+++ Input data
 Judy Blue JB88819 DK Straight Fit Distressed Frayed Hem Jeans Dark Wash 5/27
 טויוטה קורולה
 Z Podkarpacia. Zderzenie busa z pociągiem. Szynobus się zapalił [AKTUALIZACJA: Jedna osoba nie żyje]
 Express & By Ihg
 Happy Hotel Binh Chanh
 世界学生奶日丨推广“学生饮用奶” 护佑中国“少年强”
++++++
Copy out every entry above exactly.

 Judy Blue JB88819 DK Straight Fit Distressed Frayed Hem Jeans Dark Wash 5/27
 טויוטה קורולה
 Z Podkarpacia. Zderzenie busa z pociągiem. Szynobus się zapalił [AKTUALIZACJA: Jedna osoba nie żyje]
 Express & By Ihg
 Happy Hotel Binh Chanh
 世界学生奶日丨推广“学生饮用奶” 护佑中国“少年强”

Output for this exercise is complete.